**Task instructions**
Among the entries below, retype exactly the lines starting with the one with "2012 Lexus CT 200h Premium" and going on through the one with "Dhoka De Kar", but not the pictures.

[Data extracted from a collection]
==============================

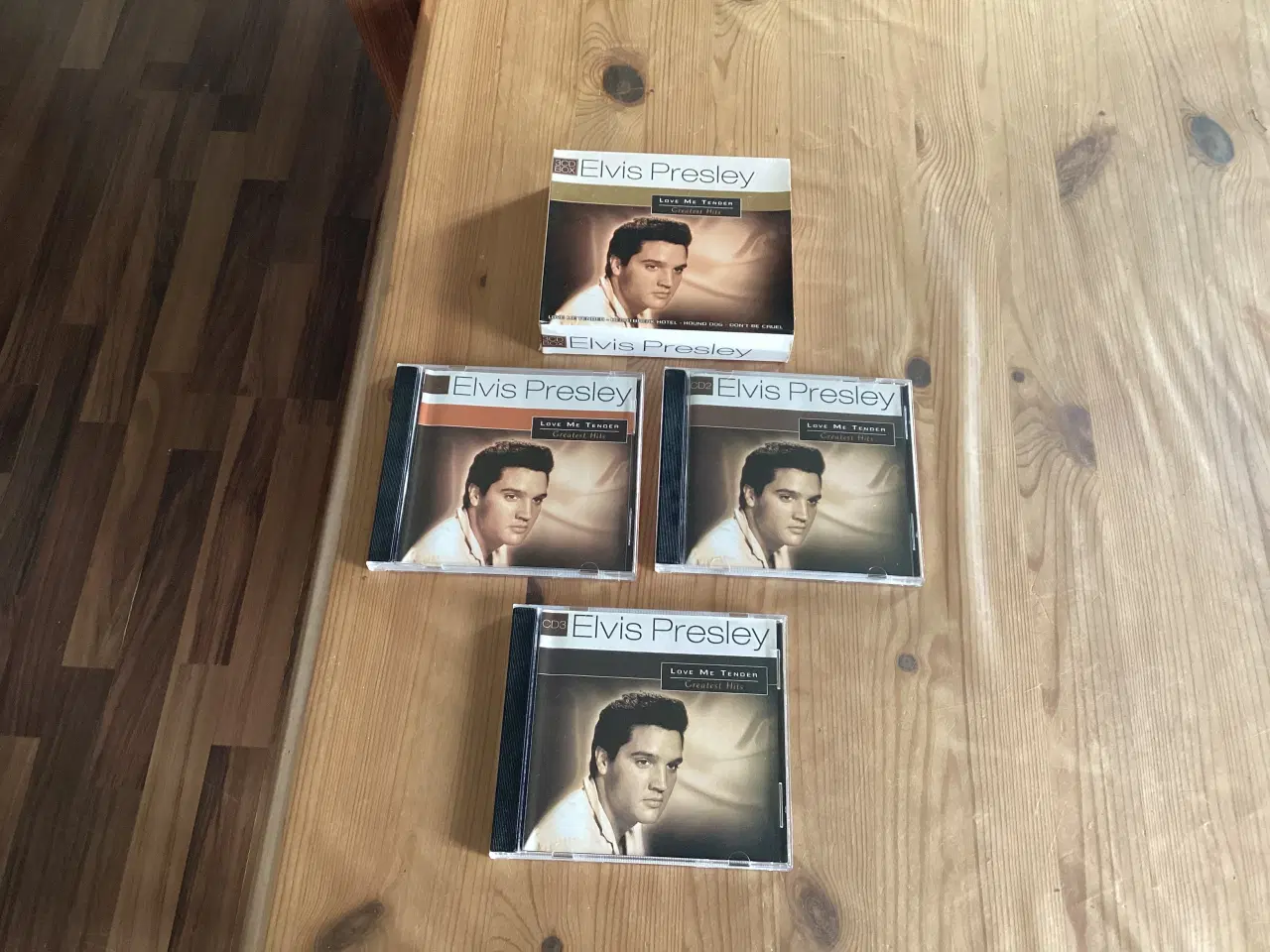 Billede 6 - Elvis Presley Bånd, Cd, Vhs film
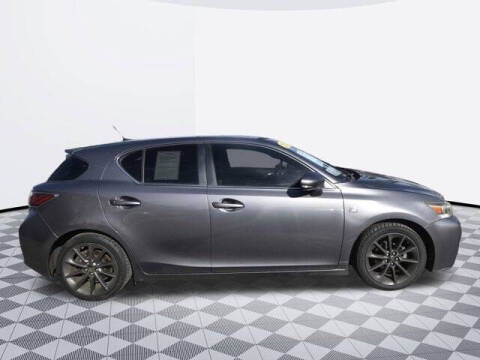 2012 Lexus CT 200h Premium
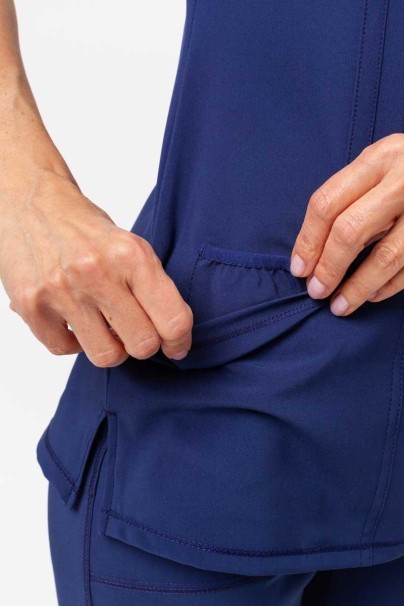 Dámska lekárska súprava Cherokee Infinity námornícky modrá-7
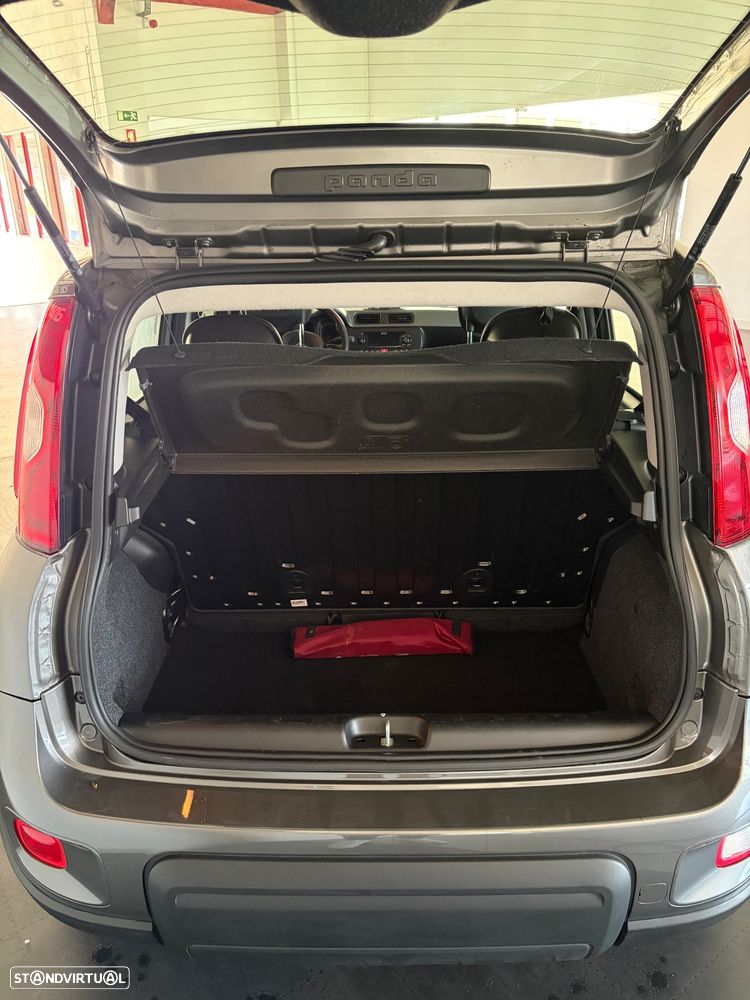 Fiat Panda 1.0 Hybrid City Life - 14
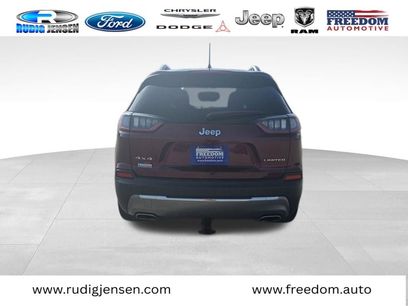 Used 2020 Jeep Cherokee Limited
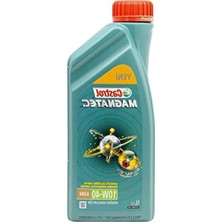 Larskas 1 Litre Kapasiteli 10W/40 A3/b4 Motor Yağı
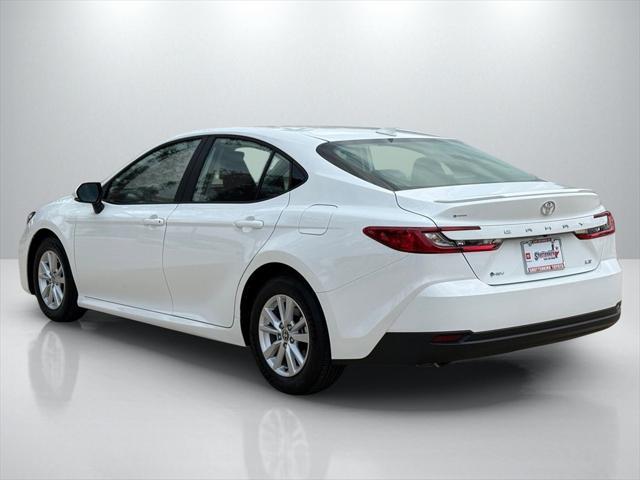 used 2025 Toyota Camry car, priced at $30,491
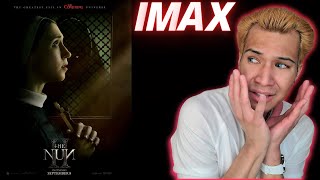 The Nun 2 IMAX Review
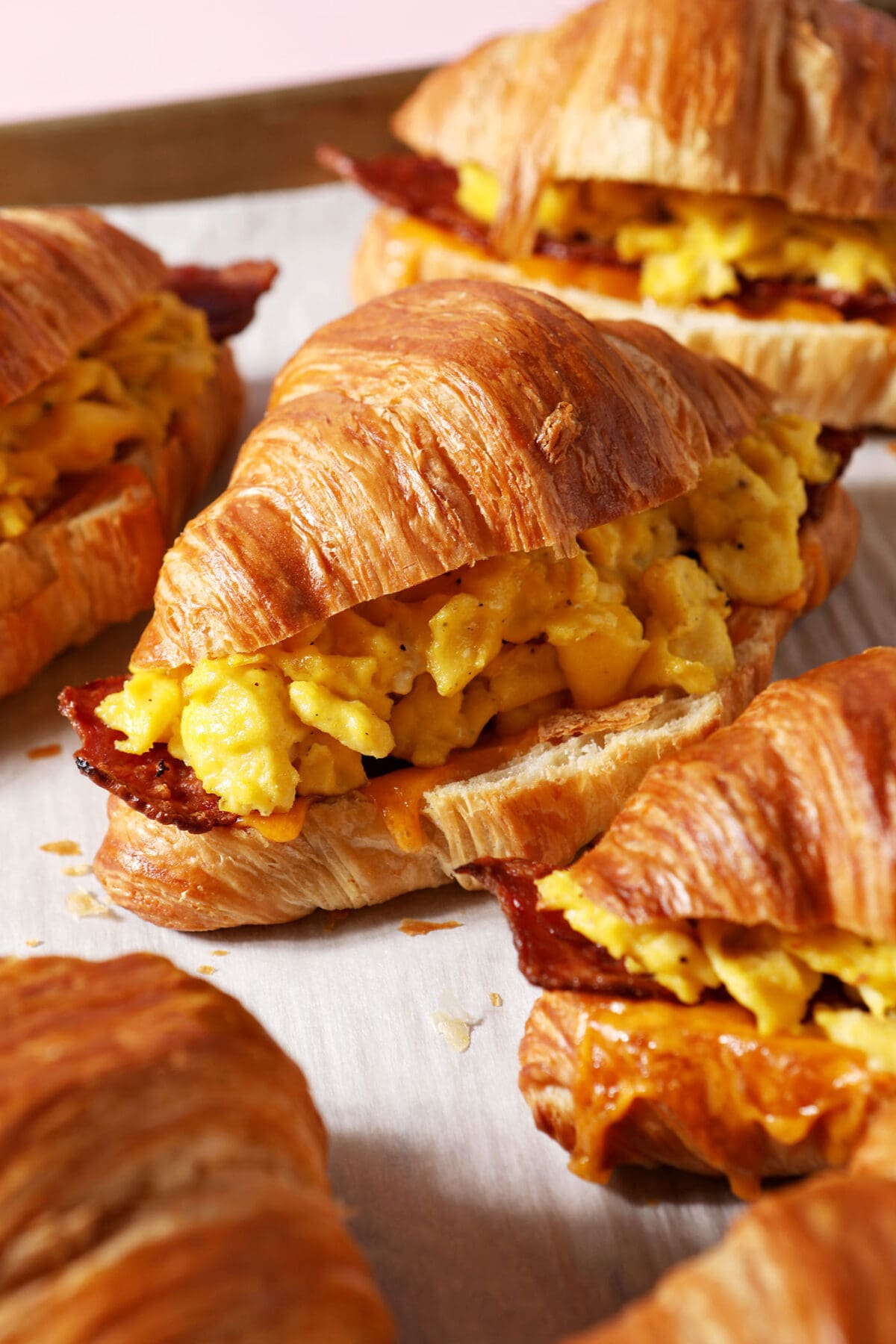 Croissant Sandwich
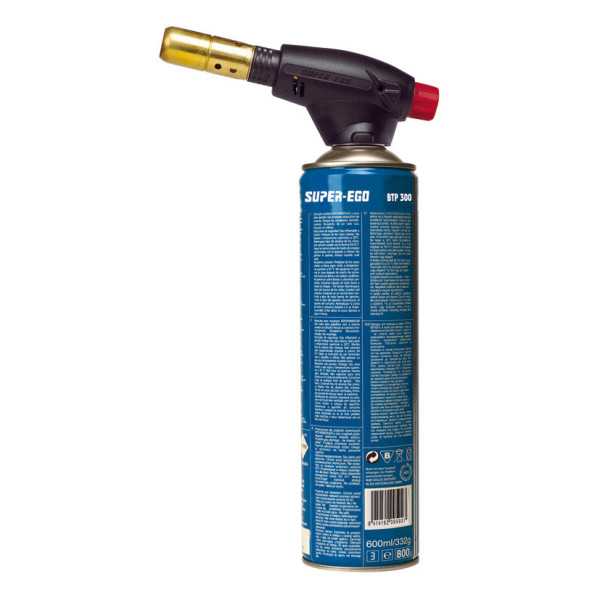 Soplete Rofire Piezo con Carga Rothenberger SUPEREGO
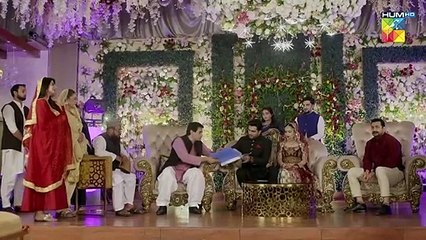 Dhoka De Kar Shadi....! #sukainakhan #omershehzad - Fitna - FLO Digital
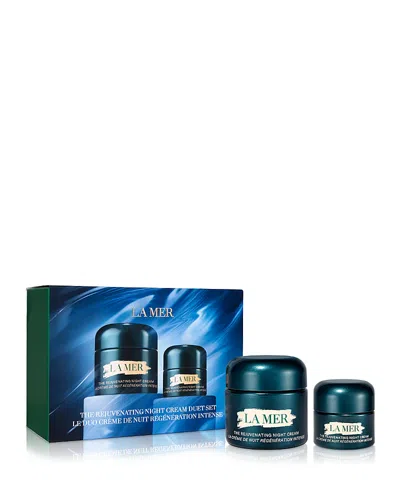 La Mer The Rejuvenating Night Cream Duet Set ($565 Value)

==============================

**Answer space**
 2012 Lexus CT 200h Premium
 Dámska lekárska súprava Cherokee Infinity námornícky modrá-7
 Fiat Panda 1.0 Hybrid City Life - 14
 Used 2020 Jeep Cherokee Limited
 Larskas 1 Litre Kapasiteli 10W/40 A3/b4 Motor Yağı
 used 2025 Toyota Camry car, priced at $30,491
 The Nun 2 IMAX Review
 Croissant Sandwich
 Soplete Rofire Piezo con Carga Rothenberger SUPEREGO
 Dhoka De Kar Shadi....! #sukainakhan #omershehzad - Fitna - FLO Digital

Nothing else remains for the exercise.